## How to complete this task
Beginning with the first line, please return the entries exactly through the line that contains "Château Saint Louis — photo 2", and leave out all later lines.
[Data Boundary: Start]
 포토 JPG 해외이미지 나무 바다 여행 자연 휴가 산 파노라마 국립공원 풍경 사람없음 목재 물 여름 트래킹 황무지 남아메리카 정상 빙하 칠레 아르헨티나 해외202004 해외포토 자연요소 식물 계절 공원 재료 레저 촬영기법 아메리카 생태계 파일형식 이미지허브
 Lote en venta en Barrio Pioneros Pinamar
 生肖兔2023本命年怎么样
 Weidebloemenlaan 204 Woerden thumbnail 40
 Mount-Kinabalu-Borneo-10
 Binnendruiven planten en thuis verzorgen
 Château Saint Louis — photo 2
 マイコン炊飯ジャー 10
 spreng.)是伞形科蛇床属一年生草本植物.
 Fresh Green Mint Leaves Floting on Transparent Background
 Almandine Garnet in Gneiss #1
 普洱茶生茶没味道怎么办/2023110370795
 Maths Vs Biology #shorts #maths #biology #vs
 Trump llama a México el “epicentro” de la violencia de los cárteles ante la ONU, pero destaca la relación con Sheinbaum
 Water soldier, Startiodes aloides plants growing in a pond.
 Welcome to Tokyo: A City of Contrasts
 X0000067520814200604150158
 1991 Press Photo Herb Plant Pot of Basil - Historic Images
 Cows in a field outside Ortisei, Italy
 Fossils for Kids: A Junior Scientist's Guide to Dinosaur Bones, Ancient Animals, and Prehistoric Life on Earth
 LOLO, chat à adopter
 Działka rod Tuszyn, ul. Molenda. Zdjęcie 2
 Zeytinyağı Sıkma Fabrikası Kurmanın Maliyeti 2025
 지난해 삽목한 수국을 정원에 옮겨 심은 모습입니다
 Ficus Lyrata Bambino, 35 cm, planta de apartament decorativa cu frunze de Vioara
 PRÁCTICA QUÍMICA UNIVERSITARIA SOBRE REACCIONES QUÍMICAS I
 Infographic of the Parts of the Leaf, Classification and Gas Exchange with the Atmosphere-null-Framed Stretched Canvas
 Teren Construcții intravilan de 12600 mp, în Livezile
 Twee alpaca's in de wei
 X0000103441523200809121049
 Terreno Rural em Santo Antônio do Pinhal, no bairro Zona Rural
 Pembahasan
[Data Boundary: End]
## Exercise solution
 포토 JPG 해외이미지 나무 바다 여행 자연 휴가 산 파노라마 국립공원 풍경 사람없음 목재 물 여름 트래킹 황무지 남아메리카 정상 빙하 칠레 아르헨티나 해외202004 해외포토 자연요소 식물 계절 공원 재료 레저 촬영기법 아메리카 생태계 파일형식 이미지허브
 Lote en venta en Barrio Pioneros Pinamar
 生肖兔2023本命年怎么样
 Weidebloemenlaan 204 Woerden thumbnail 40
 Mount-Kinabalu-Borneo-10
 Binnendruiven planten en thuis verzorgen
 Château Saint Louis — photo 2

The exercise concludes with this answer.